Lost in Performance Troubleshooting - Perf Triage for SQL Server

on June 2, 2016

Psssttt – I have an updated blog post on this called the Learner’s Guide to SQL Server Performance Tuning

The SQL Server is slow, what should you do? I answer a reader question and share my strategy for performance troubleshooting.

Note: This is a “listen-able” video. You can also listen to this as a podcast - learn how at littlekendra.com/dearsqldba.

This week, our question is about troubleshooting performance

Dear SQL DBA,

is there any step-by-step script that you would use to start your troubleshooting? My production SQL Server has a problem with memory pressure. Page Life Expectancy is low and lazy writes are high. I heard that Microsoft engineers will use SQL Diag then Nexus to troubleshoot, but I have not had success using those tools.

Lost in Performance Troubleshooting

You need a strategy

Tools change over time - for example, Query Store is a huge new tool in SQL Server 2016 (awesome!)

Develop a strong performance troubleshooting strategy
Plug tools into your strategy based on the SQL Server version, and whether you can afford a legit monitoring tool for the instance in question

My performance troubleshooting strategy

When things are slow, I want to know three things:

What queries are running, how long have they been running, and what are they waiting on?
What are the overall waits for the time period?

And never ever skip….

Sanity check: Am I missing anything obvious?

Sanity check examples:

Messages in the SQL Server Error Log indicating stack dumps, corruption, failed logins
Database settings where databases are automatically shrinking
SQL Server settings where someone forgot to raise the Max Server Memory, or thought it was set in GB, not MB
Messages in the Windows Event Log indicating power problems, failing RAM, etc

Why are wait stats so important?

I’m recommending looking at waits in two out of three steps:

What’s running now and what is it waiting on?
What are the overall waits?

Waits are critical to performance because it’s SQL Server’s way of explaining, “What made this slow?”
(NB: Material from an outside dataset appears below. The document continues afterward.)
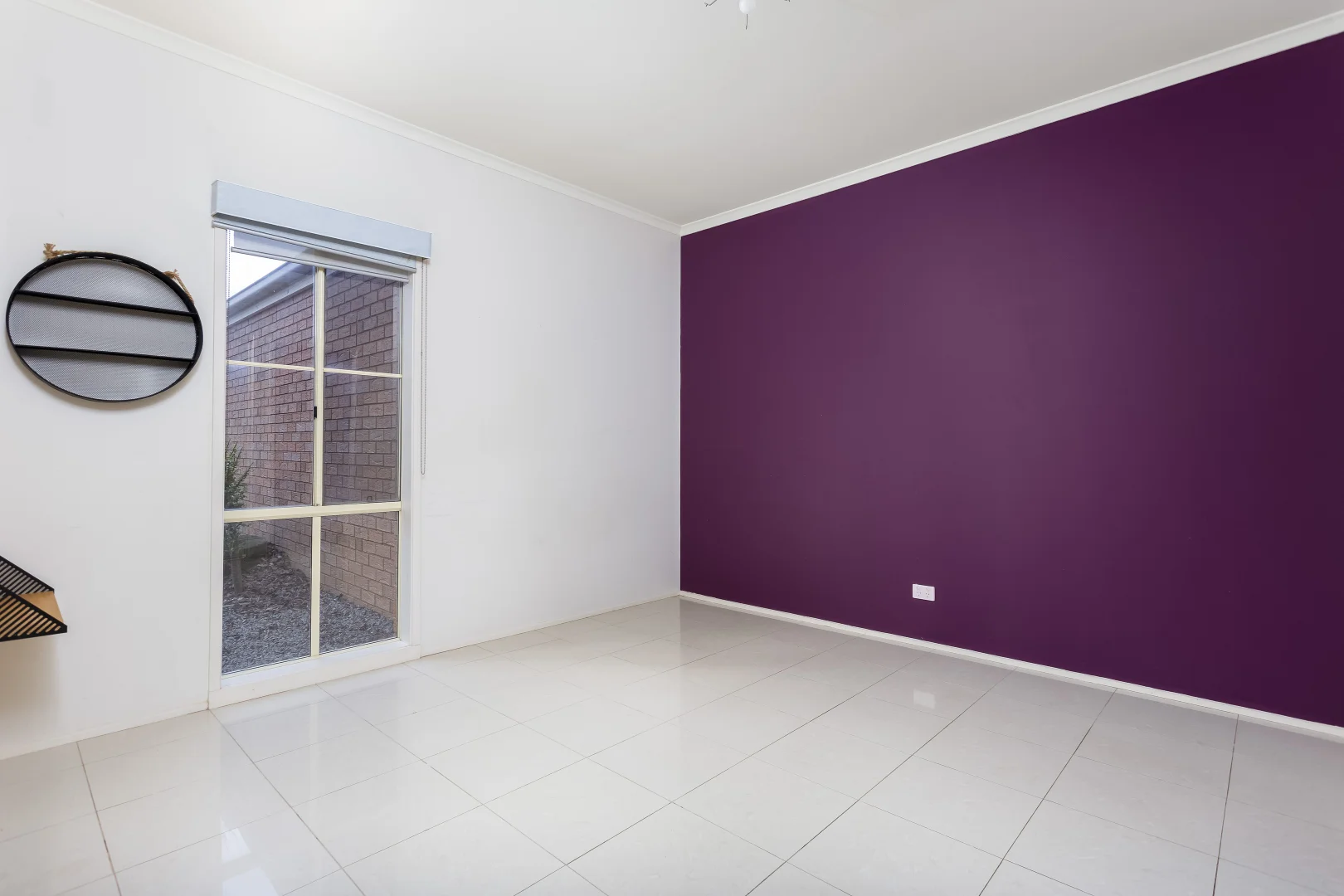 Additional image 2 of 6 Feijoa Court, Werribee VIC 3030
Waits are overlooked because they can be confusing to decode, and it takes time to learn to interpret them.

Waits are worth the effort because…

They describe slowness rather than # of whatevers per whatever. Perhaps I just don’t have more whatevers I need to do.
When combined with “What’s executing now?”, waits point you in the direction of areas to look deeper and help clarify: is the whole server slow? Are one or a few queries slowing the whole server down?

Given the example, how would memory pressure look with this approach?

What is running? Look at the duration and waits

Could be a lot of shorter commands that finish quickly
- If so: does a current 30 second sample of waits have much higher waits than normal?
Could be several longer commands
- What are they waiting on? Is blocking making some queries slower than others?
- Save off the queries, execution plans, and wait information
  - They’ll disappear, and these are how you can sort out if the query needs an index / if the storage is slow, etc

What are things waiting on? In a memory pressure situation, I’d expect to see…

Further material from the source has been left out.